• **Assignment**:
Only the lines from the one containing "Custom The Bedroom" through the one containing "2pcs Universal Flexible" should be printed, exactly as they appear below, with both ends included.

Extracted data entries
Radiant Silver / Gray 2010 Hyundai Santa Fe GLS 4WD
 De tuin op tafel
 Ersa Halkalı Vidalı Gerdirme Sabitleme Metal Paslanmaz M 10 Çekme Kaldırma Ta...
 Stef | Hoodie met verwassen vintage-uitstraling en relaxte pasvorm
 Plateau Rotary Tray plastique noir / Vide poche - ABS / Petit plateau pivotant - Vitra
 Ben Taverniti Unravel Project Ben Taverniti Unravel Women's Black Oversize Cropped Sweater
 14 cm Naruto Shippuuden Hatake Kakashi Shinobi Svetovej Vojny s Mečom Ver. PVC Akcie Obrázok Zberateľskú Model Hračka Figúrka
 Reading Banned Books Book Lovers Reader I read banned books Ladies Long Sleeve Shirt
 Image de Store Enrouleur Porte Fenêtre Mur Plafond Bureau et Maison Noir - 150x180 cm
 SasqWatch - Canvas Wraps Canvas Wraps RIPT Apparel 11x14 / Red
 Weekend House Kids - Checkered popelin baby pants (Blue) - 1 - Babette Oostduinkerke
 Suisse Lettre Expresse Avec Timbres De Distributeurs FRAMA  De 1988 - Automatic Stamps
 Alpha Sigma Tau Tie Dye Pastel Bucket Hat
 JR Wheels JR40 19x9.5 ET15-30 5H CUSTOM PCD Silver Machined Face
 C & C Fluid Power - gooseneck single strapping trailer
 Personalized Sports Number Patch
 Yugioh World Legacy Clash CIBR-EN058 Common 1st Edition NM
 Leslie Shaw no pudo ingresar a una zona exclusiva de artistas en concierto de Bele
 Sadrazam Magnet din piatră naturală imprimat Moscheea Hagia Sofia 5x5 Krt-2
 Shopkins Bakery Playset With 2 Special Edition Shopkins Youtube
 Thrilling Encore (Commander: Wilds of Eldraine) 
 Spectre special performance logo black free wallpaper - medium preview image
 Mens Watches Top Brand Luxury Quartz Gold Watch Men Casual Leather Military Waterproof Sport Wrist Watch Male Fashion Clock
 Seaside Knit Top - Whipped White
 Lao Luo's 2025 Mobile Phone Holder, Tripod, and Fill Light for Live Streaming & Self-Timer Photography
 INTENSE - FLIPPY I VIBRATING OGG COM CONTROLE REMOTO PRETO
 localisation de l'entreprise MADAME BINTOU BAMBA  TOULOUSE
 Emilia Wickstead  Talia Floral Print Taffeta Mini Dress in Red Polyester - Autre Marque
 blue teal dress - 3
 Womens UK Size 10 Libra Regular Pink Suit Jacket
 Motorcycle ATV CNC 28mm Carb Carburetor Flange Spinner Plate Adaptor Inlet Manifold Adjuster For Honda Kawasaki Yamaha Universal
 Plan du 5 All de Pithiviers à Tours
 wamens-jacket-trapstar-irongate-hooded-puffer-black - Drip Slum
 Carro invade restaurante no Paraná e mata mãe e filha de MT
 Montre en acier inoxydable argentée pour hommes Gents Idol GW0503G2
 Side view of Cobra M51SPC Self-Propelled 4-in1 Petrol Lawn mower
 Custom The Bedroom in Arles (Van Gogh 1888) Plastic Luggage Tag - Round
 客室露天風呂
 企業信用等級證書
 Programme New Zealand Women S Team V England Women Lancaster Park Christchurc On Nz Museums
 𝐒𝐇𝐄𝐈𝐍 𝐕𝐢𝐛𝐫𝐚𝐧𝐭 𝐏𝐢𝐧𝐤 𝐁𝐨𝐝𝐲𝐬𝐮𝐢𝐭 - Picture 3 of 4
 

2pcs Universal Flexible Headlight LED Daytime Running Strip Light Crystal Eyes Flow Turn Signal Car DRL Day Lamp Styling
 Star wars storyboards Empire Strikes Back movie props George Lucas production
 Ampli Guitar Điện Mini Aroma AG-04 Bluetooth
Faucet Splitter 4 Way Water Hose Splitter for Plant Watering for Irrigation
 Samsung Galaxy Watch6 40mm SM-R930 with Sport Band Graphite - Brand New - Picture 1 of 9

• **Answer space**:
 Custom The Bedroom in Arles (Van Gogh 1888) Plastic Luggage Tag - Round
 客室露天風呂
 企業信用等級證書
 Programme New Zealand Women S Team V England Women Lancaster Park Christchurc On Nz Museums
 𝐒𝐇𝐄𝐈𝐍 𝐕𝐢𝐛𝐫𝐚𝐧𝐭 𝐏𝐢𝐧𝐤 𝐁𝐨𝐝𝐲𝐬𝐮𝐢𝐭 - Picture 3 of 4
 

2pcs Universal Flexible Headlight LED Daytime Running Strip Light Crystal Eyes Flow Turn Signal Car DRL Day Lamp Styling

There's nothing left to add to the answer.